■ Task details: Would you please print exactly the lines that run from the one with "周苏红女排夺冠视频,女排奥运冠军周苏红个人采访视频" to the last line of the data, both included, without any pictures?
═══ Given data
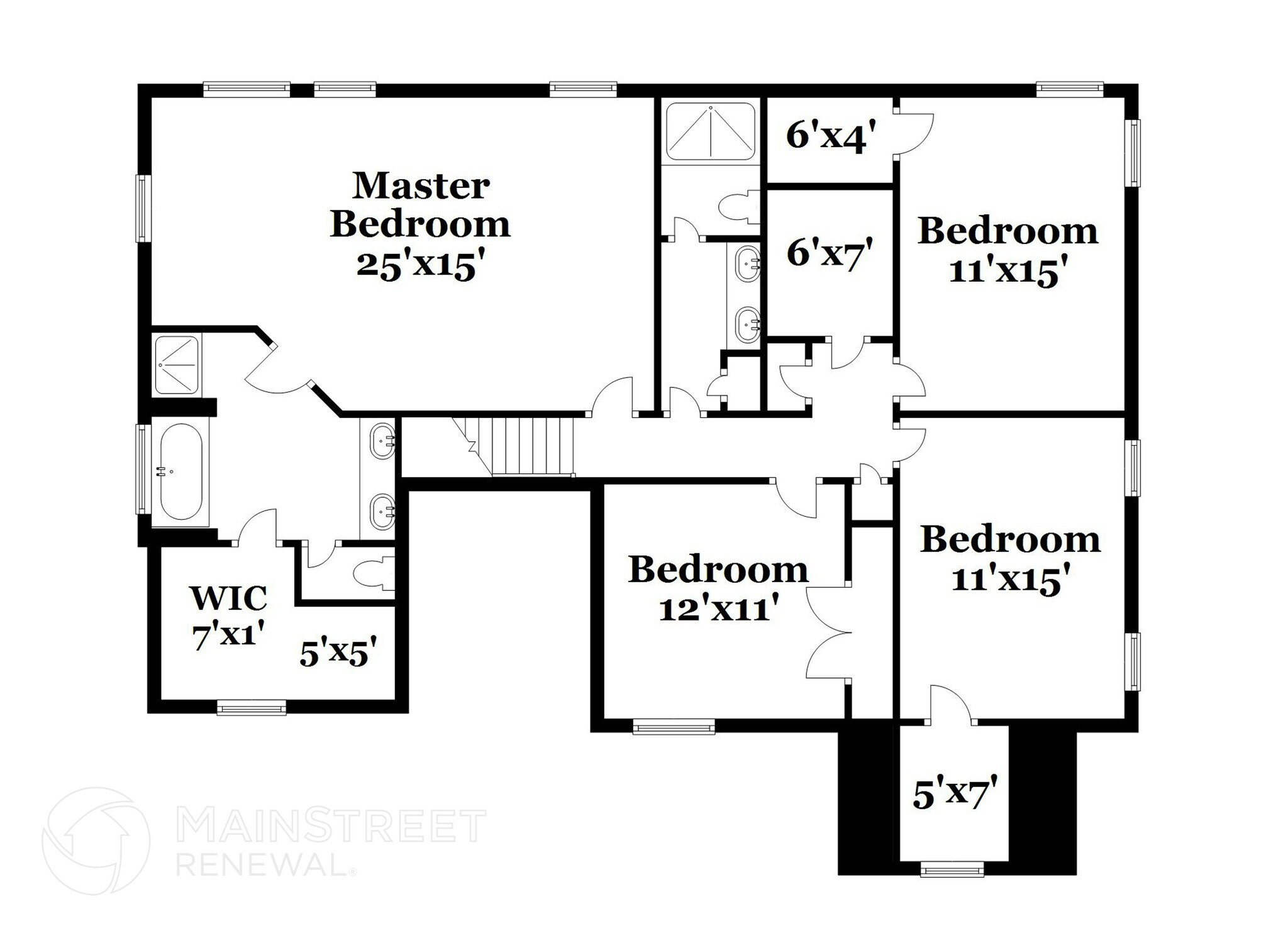 Building Photo - 301 Lyman Ct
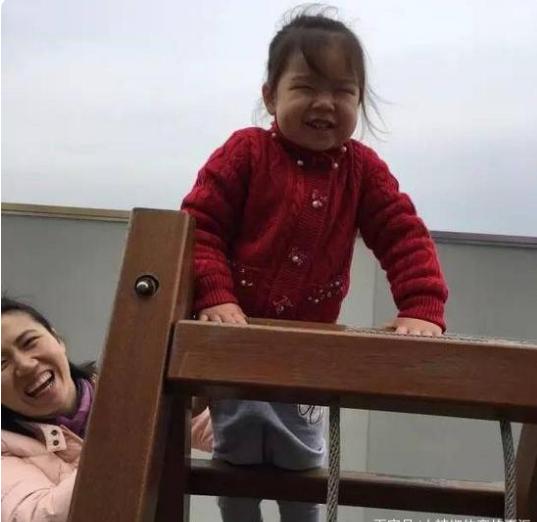 周苏红女排夺冠视频,女排奥运冠军周苏红个人采访视频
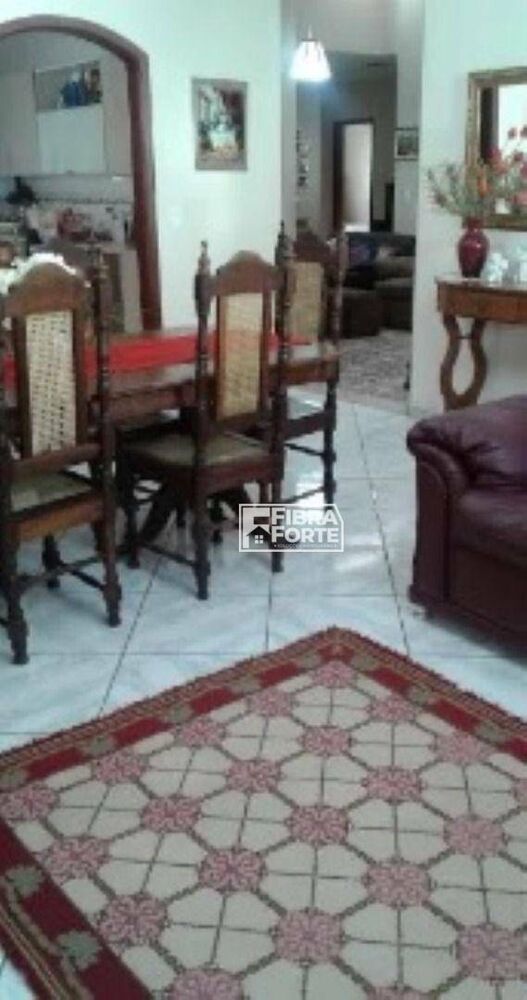 Casa, 4 quartos, 780 m² - Foto 10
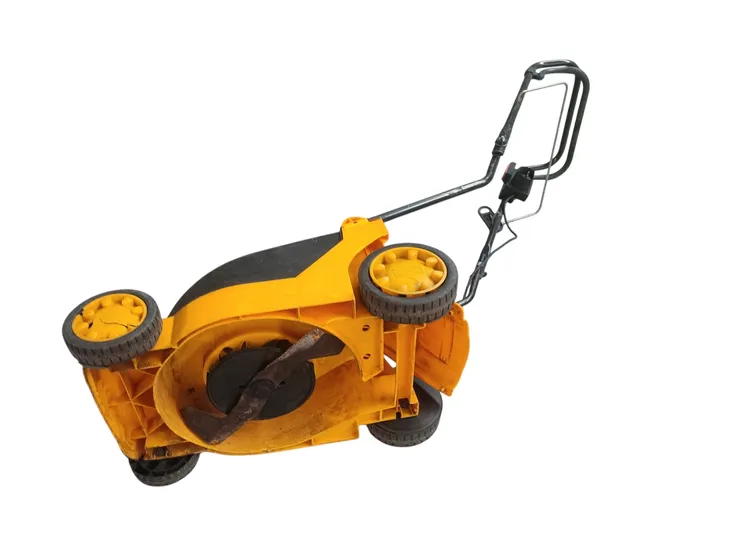 kosiarka-elektryczna-fleurelle-e321-1000w-marka-bez-marki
══════
■ Response below:
 周苏红女排夺冠视频,女排奥运冠军周苏红个人采访视频
 Casa, 4 quartos, 780 m² - Foto 10
 kosiarka-elektryczna-fleurelle-e321-1000w-marka-bez-marki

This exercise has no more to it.